KV9U wrote:
> Good points, Paul,
> 
> One thing that I found with longer distance FM signals on HF, even 
> though 10 meters can be close to the MUF when it is open, is that there 
> is a lot of frequency inversion or other anomalies from the ionosphere 
> that make it rather annoying and unsatisfactory. This is not true with 
> narrow bandwidth modes such as SSB. If you were just using FM for local 
> communications it is much more satisfactory and we have found it can 
> compete well with 2 meter repeaters in some cases.
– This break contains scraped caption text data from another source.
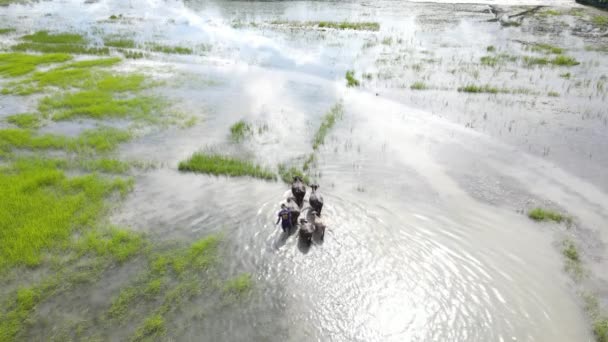 Campesino Pastoreando Búfalos Agua Arrozal Sumergido Inundado Sur Asia Plano — Vídeos de Stock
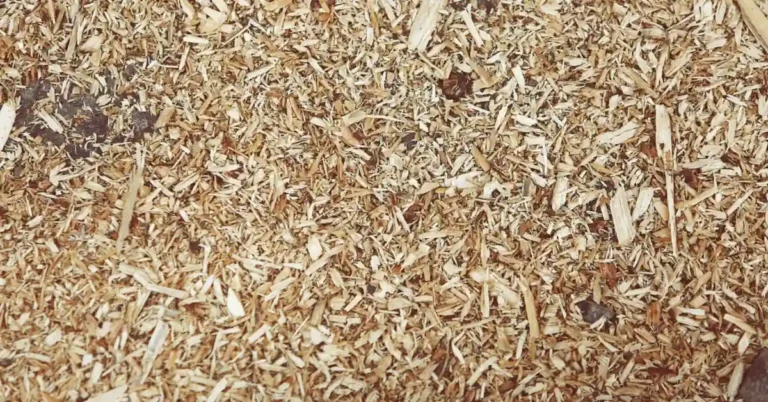 Particle Board vs MDF vs Plywood: Cost & Strength Compared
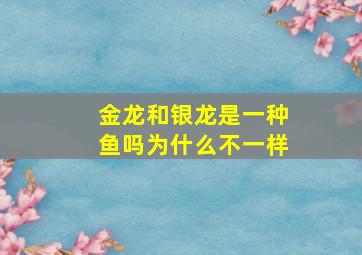 金龙和银龙是一种鱼吗为什么不一样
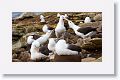 Black-browed Albatross on nests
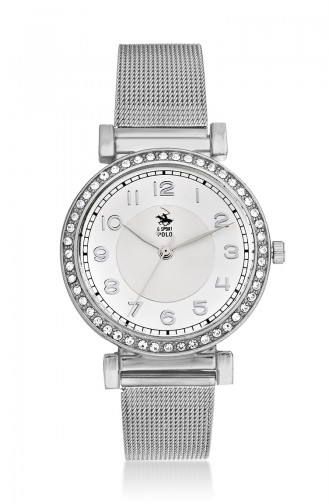 Silver Gray Wrist Watch 17312-01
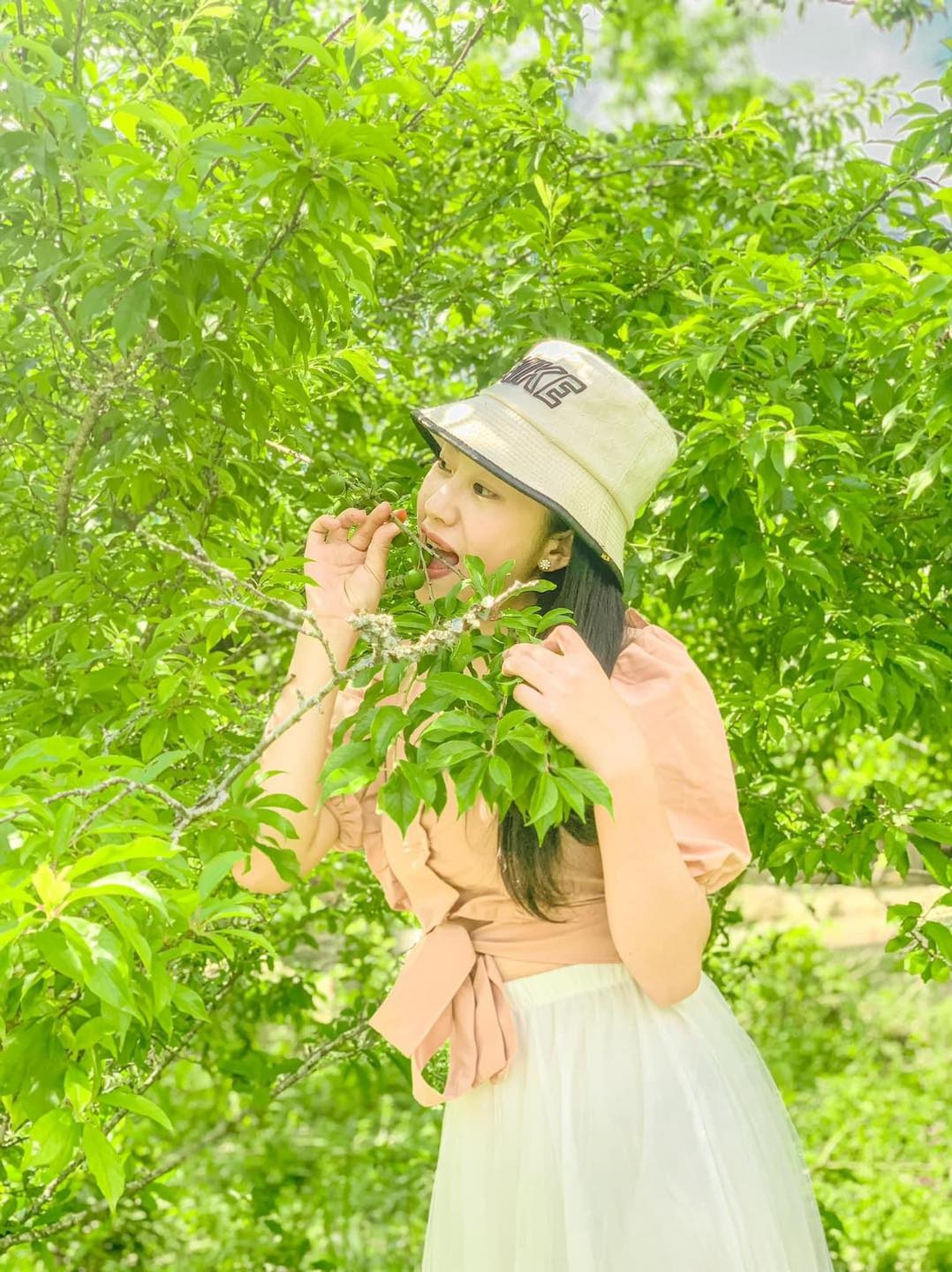 mận 17.jpg mận 17.jpg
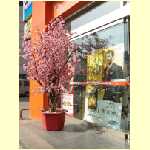 tianjin0018.jpg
Instead of dropping 
> out, the signal just gets weaker, but often still readable.

Given the comment in the original posting about the older receiver
supporting NBFM and therefore it must "have once been permitted",
I was reading the main question as the one of legality.

I haven't tried AFSK over FM on 10 meters, but given what I've heard
on 10M FM during the last sunspot maximum, I would definitely agree
with you that the propagation characteristics -- which are obnoxious
enough on FM voice -- would probably destroy a packet signal.

During the sunspot minimum, though, it might provide convenient local
links, although a different modulation scheme would give better results
even for that.

> This is almost like the attempt to use a mode such as digital voice on 
> the HF bands. It needs a very good S/N ratio to stay locked in.
> 
> Even digital SSTV/FAX modes which fit into a regular narrow voice 
> bandwidth will display almost continuous damage to at least some of the 
> tones at any one time when you observe them on the waterfall.

I've watched lots of MT63 on the lower end of the HF spectrum, and
observe the diagonal lines from the fading so some extent *most* of the
time.  With 1200-baud AFSK/FM -- and NO FEC -- you'd get an overall raw
data rate of 1200 bits per second *IF IT DECODES*.   MT63 (in 2 kHz
rather than 15 kHz bandwidth) would do 20 symbols of 7 bits, or 140
bits per second raw throughput.  1200 bps / 15 kHz =  80 bps per kHz
of spectrum, compared to 140 bps / 2 kHz = 70 bps per kHz of spectrum:
not significantly different for strong signals.  But the difference
on weak or fading signals would be 70 vs. nothing.

So, while packet-over-FM on 10m is certainly legal, I'll certainly agree
with you that it's still not necessarily the best idea.